*** Opening Records supplied ***

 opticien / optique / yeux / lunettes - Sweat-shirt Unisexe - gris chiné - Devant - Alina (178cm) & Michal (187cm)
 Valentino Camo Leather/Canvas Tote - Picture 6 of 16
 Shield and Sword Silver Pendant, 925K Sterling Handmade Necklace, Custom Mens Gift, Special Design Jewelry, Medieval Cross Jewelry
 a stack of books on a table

*** Closing Records supplied ***
*** Opening Records supplied ***

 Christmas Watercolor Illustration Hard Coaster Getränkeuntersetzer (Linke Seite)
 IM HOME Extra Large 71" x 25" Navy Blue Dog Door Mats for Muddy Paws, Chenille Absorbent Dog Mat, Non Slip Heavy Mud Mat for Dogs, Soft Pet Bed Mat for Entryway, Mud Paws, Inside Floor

*** Closing Records supplied ***

■ How to complete this task
All that belongs in the answer is the run of lines above from the line containing "opticien / optique" through the line containing "a stack of books on a table", exactly as written.

■ Output for this task
 opticien / optique / yeux / lunettes - Sweat-shirt Unisexe - gris chiné - Devant - Alina (178cm) & Michal (187cm)
 Valentino Camo Leather/Canvas Tote - Picture 6 of 16
 Shield and Sword Silver Pendant, 925K Sterling Handmade Necklace, Custom Mens Gift, Special Design Jewelry, Medieval Cross Jewelry
 a stack of books on a table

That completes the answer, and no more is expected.